Since the founding of this country, state and local governments have had primary responsibility for running congressional elections. Congress has the authority to override state and local regulations regarding congressional elections, although the Founders foresaw this power being used only in “extraordinary circumstances.” The events of 2000 were not “extraordinary.”
Congress should preserve the primacy of the states in electoral administration. If Congress decides to spend federal tax money on elections, the funds should go to the states without any strings attached. Nationalizing elections through federal mandates would be a constitutional and policy mistake.
Until now the election reform debate has ignored the need to preserve the integrity of elections. Voters have at least the obligation to register and to be informed enough to cast a ballot successfully. Seeing election reform as a collective problem to be solved solely by collective action is a profound error that may harm the Republic.

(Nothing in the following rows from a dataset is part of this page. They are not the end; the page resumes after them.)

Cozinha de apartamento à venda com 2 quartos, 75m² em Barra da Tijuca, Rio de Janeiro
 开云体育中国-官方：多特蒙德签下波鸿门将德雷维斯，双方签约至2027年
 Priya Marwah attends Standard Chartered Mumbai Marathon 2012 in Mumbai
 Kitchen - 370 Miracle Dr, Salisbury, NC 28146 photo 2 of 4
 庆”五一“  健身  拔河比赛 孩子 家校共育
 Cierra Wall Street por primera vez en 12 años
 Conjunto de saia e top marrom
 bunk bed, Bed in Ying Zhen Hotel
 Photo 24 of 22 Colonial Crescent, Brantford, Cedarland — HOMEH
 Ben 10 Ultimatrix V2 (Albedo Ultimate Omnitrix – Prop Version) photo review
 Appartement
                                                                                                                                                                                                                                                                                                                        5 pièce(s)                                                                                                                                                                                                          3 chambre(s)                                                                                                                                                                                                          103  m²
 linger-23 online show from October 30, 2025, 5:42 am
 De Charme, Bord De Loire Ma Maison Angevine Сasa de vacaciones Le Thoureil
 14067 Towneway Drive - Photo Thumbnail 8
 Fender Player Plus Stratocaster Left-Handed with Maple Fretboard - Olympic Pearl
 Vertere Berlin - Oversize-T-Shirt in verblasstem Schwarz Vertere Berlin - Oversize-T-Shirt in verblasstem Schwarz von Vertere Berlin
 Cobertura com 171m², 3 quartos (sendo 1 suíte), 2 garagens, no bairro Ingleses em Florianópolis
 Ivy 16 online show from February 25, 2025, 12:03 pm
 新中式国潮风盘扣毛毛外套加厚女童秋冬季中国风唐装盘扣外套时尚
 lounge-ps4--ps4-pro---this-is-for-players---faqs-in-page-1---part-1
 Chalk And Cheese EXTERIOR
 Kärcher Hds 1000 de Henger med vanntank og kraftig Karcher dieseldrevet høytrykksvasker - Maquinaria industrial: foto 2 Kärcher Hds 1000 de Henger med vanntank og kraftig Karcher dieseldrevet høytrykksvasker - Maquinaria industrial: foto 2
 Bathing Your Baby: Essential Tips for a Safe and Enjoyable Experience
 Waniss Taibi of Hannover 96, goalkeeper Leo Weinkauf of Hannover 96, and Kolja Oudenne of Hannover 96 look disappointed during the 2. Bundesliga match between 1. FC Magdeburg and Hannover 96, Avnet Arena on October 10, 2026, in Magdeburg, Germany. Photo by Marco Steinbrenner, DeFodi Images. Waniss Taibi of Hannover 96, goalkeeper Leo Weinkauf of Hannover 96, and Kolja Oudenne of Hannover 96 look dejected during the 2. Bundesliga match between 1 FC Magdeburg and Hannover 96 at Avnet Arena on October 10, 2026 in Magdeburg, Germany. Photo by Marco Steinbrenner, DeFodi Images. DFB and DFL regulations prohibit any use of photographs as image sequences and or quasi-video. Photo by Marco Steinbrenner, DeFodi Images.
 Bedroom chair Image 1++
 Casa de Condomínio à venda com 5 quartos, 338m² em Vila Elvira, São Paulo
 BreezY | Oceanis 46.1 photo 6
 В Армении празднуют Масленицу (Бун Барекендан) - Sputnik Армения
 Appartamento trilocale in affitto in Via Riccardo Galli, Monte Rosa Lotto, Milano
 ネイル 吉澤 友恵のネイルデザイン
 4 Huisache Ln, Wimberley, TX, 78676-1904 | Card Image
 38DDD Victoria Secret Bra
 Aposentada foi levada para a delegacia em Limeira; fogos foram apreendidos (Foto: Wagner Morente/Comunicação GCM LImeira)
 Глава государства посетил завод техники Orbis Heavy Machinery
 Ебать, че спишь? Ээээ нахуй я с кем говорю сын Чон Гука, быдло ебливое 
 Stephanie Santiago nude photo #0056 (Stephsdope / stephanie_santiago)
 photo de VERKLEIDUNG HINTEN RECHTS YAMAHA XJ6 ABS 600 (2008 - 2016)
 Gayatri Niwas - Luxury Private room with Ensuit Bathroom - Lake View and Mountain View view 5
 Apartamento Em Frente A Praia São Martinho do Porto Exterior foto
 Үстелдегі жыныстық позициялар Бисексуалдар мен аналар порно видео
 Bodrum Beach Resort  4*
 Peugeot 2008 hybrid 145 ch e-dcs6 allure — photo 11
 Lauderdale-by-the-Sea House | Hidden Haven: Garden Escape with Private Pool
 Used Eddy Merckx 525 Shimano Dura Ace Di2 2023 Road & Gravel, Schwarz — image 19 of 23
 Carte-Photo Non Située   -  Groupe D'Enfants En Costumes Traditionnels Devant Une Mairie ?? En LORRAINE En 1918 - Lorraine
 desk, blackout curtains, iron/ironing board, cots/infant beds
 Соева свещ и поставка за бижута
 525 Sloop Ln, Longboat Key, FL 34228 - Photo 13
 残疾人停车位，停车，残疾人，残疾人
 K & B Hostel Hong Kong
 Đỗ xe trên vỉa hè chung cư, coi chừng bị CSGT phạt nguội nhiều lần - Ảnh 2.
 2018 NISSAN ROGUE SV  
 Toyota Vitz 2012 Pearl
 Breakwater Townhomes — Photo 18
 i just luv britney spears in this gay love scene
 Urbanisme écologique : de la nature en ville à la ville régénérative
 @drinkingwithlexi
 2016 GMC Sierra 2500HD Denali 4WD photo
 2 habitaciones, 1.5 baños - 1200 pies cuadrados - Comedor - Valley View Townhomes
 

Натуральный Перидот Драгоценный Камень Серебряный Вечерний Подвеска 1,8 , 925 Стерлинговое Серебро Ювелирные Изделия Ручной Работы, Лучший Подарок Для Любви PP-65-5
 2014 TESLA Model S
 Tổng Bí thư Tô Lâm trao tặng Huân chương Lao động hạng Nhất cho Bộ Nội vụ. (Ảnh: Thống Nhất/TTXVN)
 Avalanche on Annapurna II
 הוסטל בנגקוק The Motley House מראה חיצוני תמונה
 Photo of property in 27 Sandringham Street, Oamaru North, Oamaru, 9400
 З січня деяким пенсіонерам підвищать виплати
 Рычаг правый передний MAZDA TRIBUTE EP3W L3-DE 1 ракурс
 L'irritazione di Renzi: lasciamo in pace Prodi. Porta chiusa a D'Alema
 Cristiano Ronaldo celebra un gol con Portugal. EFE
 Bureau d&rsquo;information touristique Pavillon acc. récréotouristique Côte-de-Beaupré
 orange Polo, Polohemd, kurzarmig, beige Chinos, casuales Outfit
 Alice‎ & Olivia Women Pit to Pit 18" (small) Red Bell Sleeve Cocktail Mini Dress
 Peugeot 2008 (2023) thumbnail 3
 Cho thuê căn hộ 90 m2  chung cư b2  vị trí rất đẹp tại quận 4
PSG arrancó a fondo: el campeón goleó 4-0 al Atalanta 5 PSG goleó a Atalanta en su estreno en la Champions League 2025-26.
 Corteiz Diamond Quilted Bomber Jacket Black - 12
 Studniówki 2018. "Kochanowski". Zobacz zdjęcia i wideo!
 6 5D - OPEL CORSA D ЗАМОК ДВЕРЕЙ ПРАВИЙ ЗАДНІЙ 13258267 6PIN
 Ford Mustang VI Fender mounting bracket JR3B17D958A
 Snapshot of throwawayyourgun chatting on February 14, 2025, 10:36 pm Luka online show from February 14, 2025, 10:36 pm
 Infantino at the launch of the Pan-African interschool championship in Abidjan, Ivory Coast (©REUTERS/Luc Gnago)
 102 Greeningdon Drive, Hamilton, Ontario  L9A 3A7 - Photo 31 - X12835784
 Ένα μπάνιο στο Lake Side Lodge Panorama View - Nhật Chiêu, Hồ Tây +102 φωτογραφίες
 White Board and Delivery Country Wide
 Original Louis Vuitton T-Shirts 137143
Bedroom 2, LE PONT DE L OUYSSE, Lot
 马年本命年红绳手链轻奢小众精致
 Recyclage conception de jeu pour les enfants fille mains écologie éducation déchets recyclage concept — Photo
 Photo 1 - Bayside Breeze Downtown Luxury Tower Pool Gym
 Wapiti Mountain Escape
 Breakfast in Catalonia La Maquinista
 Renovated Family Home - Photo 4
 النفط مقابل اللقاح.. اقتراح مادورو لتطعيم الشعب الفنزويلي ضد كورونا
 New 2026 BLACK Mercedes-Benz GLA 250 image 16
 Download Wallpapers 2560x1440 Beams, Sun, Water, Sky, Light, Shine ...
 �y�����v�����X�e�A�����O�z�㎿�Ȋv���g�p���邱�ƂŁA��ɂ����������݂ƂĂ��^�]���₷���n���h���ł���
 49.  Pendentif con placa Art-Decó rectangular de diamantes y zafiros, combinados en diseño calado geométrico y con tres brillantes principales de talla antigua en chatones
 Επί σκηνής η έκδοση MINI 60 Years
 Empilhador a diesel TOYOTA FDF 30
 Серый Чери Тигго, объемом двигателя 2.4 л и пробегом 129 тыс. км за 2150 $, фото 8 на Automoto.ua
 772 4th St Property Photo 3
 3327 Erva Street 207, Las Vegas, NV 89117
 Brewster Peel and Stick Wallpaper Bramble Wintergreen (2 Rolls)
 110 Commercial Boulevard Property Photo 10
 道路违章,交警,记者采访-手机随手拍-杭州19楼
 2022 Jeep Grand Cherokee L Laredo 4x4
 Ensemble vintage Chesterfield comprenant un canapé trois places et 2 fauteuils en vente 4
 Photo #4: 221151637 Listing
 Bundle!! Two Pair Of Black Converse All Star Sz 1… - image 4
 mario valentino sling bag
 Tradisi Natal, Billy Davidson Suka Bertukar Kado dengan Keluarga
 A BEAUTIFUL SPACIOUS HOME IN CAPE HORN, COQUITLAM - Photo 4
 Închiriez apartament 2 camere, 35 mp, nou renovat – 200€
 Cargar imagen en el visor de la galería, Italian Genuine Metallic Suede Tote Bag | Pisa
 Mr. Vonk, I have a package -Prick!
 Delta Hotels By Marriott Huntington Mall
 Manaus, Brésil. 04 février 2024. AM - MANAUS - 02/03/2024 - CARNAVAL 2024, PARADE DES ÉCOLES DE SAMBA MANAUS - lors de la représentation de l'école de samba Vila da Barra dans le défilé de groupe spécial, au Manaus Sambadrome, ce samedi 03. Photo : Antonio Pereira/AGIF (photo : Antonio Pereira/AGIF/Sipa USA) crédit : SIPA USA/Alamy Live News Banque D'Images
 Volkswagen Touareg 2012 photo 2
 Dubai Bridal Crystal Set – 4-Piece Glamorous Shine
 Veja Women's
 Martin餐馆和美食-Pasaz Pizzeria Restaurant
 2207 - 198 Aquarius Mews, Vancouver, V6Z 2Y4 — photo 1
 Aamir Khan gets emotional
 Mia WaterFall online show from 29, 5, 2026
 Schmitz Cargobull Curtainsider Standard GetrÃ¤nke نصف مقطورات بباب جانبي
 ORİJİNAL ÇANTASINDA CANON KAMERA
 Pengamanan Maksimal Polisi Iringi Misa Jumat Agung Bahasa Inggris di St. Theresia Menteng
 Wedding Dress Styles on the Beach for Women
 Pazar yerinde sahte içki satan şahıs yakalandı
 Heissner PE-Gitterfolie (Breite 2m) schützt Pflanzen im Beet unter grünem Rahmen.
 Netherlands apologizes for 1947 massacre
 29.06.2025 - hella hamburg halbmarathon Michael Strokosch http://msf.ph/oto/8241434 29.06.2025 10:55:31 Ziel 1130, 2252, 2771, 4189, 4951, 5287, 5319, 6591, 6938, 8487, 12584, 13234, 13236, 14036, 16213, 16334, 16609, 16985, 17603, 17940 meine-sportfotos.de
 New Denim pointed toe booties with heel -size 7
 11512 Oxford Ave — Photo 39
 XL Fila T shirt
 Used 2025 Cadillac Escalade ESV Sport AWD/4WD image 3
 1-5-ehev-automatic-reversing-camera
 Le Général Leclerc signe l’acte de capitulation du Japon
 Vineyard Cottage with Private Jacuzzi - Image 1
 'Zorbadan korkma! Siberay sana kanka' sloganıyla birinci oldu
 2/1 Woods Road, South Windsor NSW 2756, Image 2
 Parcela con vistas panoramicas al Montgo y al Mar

The states should be free to make their own decisions about voting equipment and voter registration systems. Congress should reform the Motor Voter law by removing the obstacles that have ruined many voting lists. States should consider sharply limiting absentee and other voting outside the polling place. Provisional voting will prove costly both in direct outlays and in delaying election results. Election Day should not be a national holiday. Media projections of election results do little harm and should not be banned directly or indirectly by government. Voters need more education, a goal served by more competitive elections and an end to current restrictions on campaign finance.